> [Exercise input]:
▬▬▬▬▬▬

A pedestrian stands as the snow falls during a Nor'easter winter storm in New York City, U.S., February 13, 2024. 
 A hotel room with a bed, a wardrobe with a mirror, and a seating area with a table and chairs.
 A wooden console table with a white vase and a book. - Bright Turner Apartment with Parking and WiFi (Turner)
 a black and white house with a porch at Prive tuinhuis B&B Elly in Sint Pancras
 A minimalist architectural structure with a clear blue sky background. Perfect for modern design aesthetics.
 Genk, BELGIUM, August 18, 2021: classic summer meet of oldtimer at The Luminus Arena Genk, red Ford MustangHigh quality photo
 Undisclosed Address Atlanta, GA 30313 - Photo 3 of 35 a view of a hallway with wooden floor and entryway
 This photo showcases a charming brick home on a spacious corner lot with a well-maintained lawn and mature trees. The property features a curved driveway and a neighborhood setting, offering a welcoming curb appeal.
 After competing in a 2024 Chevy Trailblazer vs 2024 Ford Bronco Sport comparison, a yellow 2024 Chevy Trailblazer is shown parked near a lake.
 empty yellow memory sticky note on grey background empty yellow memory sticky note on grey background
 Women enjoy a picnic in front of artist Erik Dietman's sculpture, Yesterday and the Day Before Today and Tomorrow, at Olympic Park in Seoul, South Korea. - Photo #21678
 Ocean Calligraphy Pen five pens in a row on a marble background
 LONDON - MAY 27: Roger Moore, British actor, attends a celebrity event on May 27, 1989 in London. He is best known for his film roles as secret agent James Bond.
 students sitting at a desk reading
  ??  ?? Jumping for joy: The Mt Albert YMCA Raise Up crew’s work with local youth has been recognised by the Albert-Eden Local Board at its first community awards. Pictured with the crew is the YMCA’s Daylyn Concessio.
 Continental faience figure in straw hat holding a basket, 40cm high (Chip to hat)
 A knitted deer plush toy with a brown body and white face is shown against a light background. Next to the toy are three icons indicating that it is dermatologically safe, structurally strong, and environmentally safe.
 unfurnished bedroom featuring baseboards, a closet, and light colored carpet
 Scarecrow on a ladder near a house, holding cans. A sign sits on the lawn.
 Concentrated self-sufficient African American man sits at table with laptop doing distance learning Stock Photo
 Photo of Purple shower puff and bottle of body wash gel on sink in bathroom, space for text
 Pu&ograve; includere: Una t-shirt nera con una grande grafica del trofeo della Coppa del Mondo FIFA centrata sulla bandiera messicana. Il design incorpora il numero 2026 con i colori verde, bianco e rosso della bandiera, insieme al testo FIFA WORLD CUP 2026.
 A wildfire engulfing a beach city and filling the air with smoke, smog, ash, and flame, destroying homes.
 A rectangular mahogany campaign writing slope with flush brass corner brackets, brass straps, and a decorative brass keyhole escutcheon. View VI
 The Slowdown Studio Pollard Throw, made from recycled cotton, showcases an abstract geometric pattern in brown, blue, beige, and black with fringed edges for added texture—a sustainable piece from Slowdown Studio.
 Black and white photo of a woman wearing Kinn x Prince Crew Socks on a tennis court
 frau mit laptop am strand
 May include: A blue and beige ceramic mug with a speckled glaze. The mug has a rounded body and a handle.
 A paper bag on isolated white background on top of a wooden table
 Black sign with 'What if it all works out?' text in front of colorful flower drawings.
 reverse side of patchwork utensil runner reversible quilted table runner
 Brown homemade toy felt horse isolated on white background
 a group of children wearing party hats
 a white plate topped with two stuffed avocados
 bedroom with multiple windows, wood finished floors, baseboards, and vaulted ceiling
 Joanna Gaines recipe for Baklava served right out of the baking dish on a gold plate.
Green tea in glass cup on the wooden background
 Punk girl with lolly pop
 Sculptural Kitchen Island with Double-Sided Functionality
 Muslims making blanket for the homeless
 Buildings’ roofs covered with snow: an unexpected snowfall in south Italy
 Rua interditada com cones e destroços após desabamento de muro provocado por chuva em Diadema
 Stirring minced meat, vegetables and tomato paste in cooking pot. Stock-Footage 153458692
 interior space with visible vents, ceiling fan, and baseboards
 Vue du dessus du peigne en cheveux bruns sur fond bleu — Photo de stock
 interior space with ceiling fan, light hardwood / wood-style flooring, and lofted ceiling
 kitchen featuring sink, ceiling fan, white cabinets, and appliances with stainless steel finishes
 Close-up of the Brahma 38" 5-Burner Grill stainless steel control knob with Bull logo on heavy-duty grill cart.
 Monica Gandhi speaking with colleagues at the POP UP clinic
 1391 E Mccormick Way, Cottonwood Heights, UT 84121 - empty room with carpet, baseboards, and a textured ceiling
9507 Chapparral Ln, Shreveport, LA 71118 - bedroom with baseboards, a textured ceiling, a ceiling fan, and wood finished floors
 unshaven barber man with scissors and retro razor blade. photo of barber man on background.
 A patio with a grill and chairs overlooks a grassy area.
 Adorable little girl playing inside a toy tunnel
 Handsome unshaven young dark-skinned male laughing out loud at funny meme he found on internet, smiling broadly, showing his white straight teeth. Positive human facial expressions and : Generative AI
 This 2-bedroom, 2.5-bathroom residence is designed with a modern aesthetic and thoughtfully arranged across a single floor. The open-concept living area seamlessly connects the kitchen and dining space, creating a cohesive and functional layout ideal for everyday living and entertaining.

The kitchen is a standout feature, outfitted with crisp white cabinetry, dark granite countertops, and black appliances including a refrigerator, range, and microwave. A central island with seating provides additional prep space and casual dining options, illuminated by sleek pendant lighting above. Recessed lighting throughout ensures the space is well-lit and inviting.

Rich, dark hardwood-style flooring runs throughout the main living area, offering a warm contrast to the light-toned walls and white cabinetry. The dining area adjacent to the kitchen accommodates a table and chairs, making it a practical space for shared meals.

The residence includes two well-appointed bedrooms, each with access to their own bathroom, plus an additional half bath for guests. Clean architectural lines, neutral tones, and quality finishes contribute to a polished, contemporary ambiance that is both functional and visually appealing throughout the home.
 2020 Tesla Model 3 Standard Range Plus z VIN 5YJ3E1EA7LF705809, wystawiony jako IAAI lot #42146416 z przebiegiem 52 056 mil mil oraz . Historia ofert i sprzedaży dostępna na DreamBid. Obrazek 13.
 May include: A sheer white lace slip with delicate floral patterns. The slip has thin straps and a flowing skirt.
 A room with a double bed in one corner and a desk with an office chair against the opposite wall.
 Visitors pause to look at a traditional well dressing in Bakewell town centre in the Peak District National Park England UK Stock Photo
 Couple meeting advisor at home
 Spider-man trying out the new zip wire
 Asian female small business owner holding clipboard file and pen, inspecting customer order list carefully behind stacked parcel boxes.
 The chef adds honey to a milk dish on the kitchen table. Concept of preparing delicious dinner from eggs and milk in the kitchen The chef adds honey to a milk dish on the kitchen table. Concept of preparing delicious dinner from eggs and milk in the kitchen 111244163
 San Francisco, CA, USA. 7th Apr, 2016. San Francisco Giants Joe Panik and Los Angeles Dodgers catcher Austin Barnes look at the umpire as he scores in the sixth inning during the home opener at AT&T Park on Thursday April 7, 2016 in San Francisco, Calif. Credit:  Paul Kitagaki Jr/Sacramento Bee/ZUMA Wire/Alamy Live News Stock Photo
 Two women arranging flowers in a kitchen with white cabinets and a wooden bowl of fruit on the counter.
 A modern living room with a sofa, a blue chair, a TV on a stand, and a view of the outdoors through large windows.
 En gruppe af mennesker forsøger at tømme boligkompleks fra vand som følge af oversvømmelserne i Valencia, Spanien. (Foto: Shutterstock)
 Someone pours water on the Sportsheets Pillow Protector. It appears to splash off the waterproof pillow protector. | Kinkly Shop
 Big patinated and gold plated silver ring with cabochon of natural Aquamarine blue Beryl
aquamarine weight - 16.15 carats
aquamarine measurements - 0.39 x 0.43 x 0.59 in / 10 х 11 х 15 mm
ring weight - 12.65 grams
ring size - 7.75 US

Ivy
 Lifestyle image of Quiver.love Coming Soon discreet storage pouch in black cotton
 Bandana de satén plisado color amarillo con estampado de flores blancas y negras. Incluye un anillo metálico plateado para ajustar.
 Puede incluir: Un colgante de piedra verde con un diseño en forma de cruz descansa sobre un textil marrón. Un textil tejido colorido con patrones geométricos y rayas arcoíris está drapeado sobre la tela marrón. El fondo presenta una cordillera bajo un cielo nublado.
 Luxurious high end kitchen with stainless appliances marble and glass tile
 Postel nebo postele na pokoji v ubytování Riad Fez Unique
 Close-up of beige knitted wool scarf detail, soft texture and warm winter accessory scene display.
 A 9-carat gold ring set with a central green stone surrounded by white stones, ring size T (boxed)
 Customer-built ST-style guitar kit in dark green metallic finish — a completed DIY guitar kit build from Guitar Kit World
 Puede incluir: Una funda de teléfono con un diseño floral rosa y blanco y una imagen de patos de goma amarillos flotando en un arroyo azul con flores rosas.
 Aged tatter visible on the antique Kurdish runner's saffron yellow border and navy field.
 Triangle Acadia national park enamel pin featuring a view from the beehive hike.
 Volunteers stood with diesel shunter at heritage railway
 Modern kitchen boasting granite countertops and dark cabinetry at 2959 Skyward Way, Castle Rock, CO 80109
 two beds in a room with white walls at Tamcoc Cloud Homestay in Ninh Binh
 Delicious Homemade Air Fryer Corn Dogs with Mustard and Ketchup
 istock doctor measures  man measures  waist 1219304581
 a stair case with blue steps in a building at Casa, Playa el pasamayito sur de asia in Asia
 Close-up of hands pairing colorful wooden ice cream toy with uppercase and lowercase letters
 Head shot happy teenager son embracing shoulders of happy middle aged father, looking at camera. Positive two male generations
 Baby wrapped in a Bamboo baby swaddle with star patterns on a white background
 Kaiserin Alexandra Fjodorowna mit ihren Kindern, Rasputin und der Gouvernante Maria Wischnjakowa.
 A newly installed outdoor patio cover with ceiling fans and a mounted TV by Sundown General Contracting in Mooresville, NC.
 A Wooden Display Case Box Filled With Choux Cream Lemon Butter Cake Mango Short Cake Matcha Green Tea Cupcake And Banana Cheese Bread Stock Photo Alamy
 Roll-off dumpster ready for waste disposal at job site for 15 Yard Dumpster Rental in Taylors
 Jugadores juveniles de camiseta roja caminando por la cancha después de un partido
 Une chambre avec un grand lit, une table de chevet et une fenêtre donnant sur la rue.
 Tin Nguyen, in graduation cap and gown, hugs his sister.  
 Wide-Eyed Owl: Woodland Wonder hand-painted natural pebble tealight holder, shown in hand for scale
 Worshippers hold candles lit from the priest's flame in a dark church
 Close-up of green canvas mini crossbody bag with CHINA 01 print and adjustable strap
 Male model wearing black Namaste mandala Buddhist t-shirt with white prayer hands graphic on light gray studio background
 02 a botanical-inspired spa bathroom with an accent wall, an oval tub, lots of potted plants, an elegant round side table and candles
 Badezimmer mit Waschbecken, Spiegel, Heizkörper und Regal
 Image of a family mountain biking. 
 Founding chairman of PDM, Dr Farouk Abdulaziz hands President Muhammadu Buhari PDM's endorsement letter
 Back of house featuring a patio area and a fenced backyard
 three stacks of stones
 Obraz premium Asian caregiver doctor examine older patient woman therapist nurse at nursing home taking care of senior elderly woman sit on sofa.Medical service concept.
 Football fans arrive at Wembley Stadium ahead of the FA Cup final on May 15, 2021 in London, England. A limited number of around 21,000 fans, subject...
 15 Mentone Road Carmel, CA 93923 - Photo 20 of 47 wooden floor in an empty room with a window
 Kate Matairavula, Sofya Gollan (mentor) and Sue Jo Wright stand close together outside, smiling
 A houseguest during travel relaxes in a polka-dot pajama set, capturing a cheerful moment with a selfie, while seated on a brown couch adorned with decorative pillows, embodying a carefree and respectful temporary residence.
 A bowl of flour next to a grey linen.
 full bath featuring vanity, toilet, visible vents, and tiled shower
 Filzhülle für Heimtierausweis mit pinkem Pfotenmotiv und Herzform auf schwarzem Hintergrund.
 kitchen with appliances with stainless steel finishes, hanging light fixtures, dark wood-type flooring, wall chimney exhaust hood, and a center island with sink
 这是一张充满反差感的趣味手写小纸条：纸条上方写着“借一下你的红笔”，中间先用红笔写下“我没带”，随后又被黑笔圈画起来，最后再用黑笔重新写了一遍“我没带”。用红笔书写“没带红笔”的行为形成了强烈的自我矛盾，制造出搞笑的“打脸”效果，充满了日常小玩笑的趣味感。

▬▬▬▬▬▬

> [Work required]: Repeat word for word the lines above that run from the line containing "Kaiserin Alexandra Fjodorowna" through the line containing "A Wooden Display", both ends included, and nothing else.

> [Your response]:
 Kaiserin Alexandra Fjodorowna mit ihren Kindern, Rasputin und der Gouvernante Maria Wischnjakowa.
 A newly installed outdoor patio cover with ceiling fans and a mounted TV by Sundown General Contracting in Mooresville, NC.
 A Wooden Display Case Box Filled With Choux Cream Lemon Butter Cake Mango Short Cake Matcha Green Tea Cupcake And Banana Cheese Bread Stock Photo Alamy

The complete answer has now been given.